> **Exercise instructions**
Go line by line through the entries below and copy those containing the string "Black".

Short descriptive text snippets:
<<<<

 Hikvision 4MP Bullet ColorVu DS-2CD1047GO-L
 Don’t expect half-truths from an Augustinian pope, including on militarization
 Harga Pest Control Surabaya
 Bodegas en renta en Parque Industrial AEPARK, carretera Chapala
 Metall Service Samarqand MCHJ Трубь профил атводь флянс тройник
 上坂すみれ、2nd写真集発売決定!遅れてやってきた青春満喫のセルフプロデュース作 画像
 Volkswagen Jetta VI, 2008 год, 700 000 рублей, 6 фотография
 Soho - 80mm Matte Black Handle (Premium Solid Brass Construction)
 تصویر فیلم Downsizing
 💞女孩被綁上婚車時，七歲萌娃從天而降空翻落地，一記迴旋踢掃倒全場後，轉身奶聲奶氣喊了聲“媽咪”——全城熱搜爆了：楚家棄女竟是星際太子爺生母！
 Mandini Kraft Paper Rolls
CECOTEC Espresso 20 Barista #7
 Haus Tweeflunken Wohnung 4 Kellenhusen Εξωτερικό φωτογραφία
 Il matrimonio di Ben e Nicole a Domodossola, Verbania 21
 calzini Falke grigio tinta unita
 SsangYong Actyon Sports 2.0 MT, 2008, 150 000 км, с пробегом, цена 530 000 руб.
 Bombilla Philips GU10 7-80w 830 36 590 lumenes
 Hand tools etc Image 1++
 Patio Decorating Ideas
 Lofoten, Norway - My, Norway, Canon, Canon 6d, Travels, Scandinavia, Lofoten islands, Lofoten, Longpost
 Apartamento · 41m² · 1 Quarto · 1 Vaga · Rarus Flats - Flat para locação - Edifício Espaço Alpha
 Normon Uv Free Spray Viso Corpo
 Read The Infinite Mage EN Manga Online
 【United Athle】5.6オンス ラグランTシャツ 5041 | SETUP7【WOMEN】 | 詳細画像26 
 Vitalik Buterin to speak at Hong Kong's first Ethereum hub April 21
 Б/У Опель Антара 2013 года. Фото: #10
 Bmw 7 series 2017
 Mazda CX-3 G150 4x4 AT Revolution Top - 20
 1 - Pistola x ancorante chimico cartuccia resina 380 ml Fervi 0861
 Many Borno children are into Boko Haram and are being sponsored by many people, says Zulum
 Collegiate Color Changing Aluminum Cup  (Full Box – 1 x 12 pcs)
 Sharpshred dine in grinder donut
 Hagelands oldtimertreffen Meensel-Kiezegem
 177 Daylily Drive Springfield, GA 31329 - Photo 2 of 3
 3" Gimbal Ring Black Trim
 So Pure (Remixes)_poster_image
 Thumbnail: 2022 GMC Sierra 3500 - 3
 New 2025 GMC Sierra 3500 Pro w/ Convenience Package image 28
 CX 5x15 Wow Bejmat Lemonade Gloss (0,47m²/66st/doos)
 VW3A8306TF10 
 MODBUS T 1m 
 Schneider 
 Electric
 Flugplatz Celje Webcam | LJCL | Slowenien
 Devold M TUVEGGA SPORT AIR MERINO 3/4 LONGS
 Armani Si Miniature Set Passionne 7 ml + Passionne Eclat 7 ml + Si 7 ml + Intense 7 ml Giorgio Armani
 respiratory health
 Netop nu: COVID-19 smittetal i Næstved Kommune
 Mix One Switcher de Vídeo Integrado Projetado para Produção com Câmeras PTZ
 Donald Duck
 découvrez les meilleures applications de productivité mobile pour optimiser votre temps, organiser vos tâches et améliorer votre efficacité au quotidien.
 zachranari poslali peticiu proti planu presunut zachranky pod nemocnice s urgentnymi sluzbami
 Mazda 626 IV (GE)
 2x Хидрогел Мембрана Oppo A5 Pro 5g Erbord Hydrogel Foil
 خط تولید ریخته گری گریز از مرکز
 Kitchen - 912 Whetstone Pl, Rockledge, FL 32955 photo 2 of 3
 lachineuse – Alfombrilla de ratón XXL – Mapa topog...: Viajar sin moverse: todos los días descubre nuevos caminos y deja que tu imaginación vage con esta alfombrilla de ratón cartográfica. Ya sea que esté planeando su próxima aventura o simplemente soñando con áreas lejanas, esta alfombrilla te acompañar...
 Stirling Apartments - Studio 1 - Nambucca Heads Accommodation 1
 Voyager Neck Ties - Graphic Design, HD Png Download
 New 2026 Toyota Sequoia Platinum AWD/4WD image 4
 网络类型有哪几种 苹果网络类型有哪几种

>>>>

> **Response area**
 Soho - 80mm Matte Black Handle (Premium Solid Brass Construction)
 3" Gimbal Ring Black Trim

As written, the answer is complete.